-- Opening Marker --

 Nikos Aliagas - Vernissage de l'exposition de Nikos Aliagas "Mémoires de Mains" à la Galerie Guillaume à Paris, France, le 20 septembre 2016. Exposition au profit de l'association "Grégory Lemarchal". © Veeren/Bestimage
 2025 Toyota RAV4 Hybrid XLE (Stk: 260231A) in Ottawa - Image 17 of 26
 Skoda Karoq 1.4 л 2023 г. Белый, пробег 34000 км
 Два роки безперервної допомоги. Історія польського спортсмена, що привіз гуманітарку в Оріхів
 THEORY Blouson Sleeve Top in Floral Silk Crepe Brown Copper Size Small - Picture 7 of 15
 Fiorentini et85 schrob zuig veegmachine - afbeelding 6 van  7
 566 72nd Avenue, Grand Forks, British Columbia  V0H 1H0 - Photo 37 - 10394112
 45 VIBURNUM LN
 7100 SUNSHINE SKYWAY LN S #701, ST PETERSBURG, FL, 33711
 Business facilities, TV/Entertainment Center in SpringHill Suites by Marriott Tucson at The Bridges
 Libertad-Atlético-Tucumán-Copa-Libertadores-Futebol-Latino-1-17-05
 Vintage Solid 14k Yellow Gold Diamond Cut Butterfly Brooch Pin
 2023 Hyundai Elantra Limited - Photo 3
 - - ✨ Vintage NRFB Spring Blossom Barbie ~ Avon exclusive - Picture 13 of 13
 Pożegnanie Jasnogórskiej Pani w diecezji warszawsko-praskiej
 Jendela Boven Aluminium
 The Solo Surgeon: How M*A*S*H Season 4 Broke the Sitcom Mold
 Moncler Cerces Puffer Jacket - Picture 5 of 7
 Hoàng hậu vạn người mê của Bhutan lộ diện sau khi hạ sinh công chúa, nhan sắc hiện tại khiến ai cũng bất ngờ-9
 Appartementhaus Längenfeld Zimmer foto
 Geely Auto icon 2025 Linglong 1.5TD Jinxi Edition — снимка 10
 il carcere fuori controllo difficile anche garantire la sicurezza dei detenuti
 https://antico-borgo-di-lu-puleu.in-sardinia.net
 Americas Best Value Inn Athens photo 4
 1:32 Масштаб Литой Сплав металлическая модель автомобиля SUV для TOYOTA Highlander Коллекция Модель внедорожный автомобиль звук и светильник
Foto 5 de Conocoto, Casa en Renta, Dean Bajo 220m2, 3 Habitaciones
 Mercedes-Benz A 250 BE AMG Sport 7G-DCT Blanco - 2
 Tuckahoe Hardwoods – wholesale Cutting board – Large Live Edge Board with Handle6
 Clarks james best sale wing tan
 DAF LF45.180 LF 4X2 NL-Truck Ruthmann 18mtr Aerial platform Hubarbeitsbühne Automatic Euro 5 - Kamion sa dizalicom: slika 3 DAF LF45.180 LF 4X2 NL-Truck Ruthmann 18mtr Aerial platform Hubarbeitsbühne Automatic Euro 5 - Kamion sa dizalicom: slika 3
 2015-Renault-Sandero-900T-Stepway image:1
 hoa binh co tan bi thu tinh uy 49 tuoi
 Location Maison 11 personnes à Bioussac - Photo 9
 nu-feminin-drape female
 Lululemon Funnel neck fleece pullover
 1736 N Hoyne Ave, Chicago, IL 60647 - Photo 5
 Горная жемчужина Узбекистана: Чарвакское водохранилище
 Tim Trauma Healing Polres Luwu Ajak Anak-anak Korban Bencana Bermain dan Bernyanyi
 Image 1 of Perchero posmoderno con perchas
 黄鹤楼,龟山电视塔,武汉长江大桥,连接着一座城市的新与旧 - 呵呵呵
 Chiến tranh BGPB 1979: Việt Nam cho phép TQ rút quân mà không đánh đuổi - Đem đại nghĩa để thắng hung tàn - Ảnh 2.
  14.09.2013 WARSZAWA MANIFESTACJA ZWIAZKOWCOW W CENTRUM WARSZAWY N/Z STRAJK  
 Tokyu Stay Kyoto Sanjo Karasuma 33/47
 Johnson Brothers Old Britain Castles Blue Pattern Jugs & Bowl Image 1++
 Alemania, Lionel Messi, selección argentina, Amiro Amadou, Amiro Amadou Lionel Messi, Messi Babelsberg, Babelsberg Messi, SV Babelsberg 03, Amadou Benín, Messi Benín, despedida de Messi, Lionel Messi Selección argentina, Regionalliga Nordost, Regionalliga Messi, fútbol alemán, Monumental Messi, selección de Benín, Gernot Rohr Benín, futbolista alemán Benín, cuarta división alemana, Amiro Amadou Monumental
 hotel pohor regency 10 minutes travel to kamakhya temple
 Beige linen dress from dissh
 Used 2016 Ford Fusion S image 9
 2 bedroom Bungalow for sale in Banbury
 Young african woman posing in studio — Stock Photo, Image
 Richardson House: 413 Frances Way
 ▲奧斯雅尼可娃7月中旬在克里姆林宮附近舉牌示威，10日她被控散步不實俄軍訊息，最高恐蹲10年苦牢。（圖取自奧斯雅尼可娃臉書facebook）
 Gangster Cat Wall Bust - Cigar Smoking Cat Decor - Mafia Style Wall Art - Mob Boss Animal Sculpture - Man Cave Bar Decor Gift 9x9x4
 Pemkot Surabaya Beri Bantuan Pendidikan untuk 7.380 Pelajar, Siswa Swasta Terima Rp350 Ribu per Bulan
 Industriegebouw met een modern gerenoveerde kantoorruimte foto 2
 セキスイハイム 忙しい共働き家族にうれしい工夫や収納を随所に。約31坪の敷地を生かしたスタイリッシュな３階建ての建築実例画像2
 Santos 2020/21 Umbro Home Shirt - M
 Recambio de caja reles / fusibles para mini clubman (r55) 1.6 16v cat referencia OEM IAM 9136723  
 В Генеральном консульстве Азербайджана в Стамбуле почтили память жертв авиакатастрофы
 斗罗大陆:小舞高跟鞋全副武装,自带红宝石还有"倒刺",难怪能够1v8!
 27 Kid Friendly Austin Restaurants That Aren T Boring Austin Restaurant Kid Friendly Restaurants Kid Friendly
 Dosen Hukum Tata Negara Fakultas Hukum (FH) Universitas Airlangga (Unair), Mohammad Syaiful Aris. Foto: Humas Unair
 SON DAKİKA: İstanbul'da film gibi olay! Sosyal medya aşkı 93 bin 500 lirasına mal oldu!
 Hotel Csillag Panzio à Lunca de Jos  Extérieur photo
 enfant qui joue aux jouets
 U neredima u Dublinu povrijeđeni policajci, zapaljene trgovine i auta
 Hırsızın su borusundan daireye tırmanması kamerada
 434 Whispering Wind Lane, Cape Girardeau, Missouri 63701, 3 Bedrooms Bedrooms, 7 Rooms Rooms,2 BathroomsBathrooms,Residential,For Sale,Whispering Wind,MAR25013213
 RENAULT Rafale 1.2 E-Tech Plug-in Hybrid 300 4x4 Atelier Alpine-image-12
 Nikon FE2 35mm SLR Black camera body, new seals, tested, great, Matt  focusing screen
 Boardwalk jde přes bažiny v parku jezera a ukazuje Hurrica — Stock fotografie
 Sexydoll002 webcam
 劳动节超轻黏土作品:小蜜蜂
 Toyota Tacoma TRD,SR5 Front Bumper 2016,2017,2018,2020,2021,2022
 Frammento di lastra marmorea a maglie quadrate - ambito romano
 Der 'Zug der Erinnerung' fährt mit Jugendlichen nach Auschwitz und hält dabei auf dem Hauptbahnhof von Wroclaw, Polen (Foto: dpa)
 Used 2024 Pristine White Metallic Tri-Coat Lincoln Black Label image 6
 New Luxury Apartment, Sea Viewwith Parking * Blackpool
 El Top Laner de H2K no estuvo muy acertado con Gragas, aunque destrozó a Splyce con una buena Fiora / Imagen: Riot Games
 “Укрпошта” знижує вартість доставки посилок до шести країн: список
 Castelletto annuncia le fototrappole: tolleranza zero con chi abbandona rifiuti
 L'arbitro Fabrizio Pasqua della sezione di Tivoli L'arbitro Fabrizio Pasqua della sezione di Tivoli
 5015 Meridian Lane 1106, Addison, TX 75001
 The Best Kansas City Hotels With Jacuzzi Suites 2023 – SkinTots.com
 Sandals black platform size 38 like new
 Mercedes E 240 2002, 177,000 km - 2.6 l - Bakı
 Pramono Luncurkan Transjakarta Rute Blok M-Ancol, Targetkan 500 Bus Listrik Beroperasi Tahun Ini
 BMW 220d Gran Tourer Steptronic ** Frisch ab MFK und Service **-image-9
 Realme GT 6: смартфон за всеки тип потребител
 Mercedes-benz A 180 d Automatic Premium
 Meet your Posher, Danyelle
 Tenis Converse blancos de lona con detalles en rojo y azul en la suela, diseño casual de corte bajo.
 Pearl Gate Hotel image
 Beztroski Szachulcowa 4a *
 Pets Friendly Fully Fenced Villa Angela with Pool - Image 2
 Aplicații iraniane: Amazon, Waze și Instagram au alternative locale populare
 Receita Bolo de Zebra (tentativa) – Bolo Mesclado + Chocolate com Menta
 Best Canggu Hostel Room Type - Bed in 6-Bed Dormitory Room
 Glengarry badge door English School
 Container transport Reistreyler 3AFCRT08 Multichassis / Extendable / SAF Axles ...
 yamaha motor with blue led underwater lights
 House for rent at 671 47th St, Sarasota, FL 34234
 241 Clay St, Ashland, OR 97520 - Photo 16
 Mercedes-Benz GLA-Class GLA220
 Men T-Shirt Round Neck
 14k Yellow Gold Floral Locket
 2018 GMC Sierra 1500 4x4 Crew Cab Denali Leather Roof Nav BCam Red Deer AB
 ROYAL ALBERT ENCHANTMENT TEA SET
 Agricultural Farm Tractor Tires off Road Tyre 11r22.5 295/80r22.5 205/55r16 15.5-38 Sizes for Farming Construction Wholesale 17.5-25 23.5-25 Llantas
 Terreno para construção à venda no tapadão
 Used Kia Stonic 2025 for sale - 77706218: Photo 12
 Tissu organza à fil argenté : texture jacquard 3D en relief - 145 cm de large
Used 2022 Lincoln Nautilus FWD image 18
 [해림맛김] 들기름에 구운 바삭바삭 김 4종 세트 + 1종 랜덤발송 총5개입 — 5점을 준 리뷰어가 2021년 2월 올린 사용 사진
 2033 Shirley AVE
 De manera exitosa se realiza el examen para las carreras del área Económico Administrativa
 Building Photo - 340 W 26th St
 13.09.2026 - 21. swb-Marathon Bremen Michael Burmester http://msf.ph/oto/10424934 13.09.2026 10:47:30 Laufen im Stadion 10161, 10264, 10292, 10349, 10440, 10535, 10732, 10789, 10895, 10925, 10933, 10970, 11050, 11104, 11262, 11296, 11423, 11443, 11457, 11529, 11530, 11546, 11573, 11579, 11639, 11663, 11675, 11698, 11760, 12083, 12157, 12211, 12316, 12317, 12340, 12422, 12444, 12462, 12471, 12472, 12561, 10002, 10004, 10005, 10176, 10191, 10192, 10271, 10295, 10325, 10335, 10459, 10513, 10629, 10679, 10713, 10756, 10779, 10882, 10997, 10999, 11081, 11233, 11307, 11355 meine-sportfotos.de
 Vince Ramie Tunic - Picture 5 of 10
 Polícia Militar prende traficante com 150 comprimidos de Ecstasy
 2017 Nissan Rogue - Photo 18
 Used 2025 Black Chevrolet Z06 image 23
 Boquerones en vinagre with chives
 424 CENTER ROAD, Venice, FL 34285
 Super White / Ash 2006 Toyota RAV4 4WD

-- Closing Marker --

● Exercise goal
Reproduce the entries above exactly, but only the lines between the line holding "Der 'Zug der" and the line holding "5015 Meridian Lane 1106, Addison, TX 75001", inclusive.

● Task solution
 Der 'Zug der Erinnerung' fährt mit Jugendlichen nach Auschwitz und hält dabei auf dem Hauptbahnhof von Wroclaw, Polen (Foto: dpa)
 Used 2024 Pristine White Metallic Tri-Coat Lincoln Black Label image 6
 New Luxury Apartment, Sea Viewwith Parking * Blackpool
 El Top Laner de H2K no estuvo muy acertado con Gragas, aunque destrozó a Splyce con una buena Fiora / Imagen: Riot Games
 “Укрпошта” знижує вартість доставки посилок до шести країн: список
 Castelletto annuncia le fototrappole: tolleranza zero con chi abbandona rifiuti
 L'arbitro Fabrizio Pasqua della sezione di Tivoli L'arbitro Fabrizio Pasqua della sezione di Tivoli
 5015 Meridian Lane 1106, Addison, TX 75001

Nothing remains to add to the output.